At one point in the middle of the blizzard last winter, I kept hearing a tapping noise at the window. It was a black, white and gray chickadee looking in at me, disoriented and hungry because of the sub-freezing temperatures and two feet of snow on the ground. I threw some breadcrumbs out onto the snow, but since I didn't have birdfeeders installed I couldn't do much else. As the winter progressed, I kept remembering that little bird.
Now I've got a flat birdfeeder hanging from a branch of the apple tree nearest the house (prime viewing location for both me and the cats), a small hopper feeder affixed to a cornerpost of the front deck, and a platform feeder on the ground. I provide food of various kinds; black-oil sunflower seeds, millet, nuts, cracked corn and dried berries. It didn't take long for word to get around about the avian smorgasbord in my front yard.
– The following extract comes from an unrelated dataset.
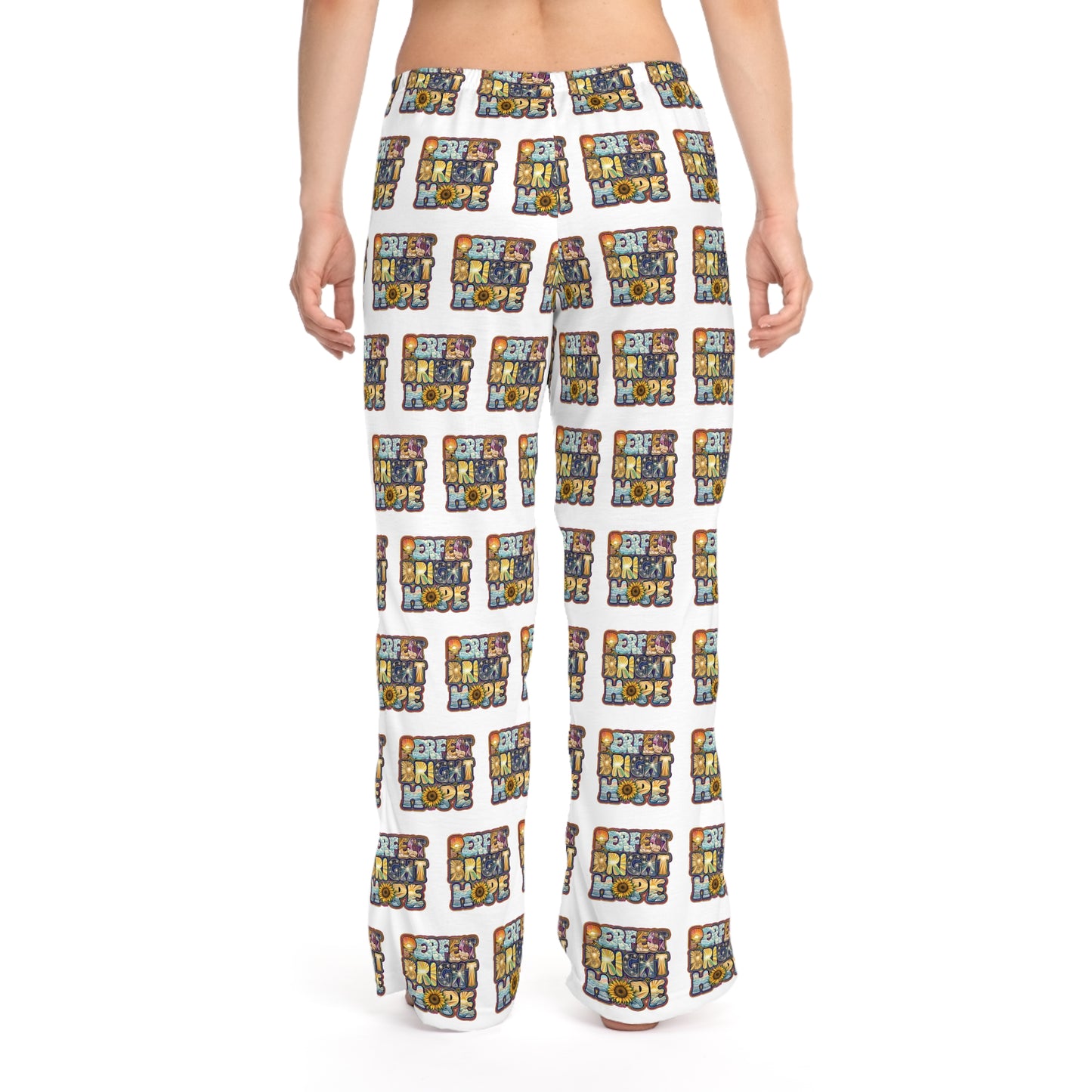 Perfect Bright Hope Women's Pajama Pants with Uplifting Design, Cozy Sleepwear, Lounge Pants, Gifts for Her, Comfortable Nightwear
I bought a bird book (Stan Tekiela's Birds of Washington Field Guide) and have been learning to identify the various species by sight and sound.
Since the bird species that inhabit the areas west of the Rocky Mountain are much different from those east of the Rockies, I'm meeting someone new (bird-wise) every day. Yesterday I came home to see a bluish-gray bird sitting in the hanging feeder, so big that it almost filled the 14 inch-long feeder. Its body shape was vaguely familiar to me; it had a large flank, a small head and slender neck, but with distinctive markings I hadn't seen before: a narrow white band across the back of its neck, and black wings. Checking the bird book, I discovered this to be a band-tailed pigeon, a bird that doesn't stay in one place for the season but roams according to where it finds food at the moment.
Unlike the roaming band-tailed pigeon, I have many repeat customers who seem to have taken up residence nearby. Here's the undisputed king of the yard ...a large redwing blackbird who sits in the top of the apple tree, calling the other birds after I've re-filled the feeders.
And who's this?
Yep, that's one very well-fed squirrel.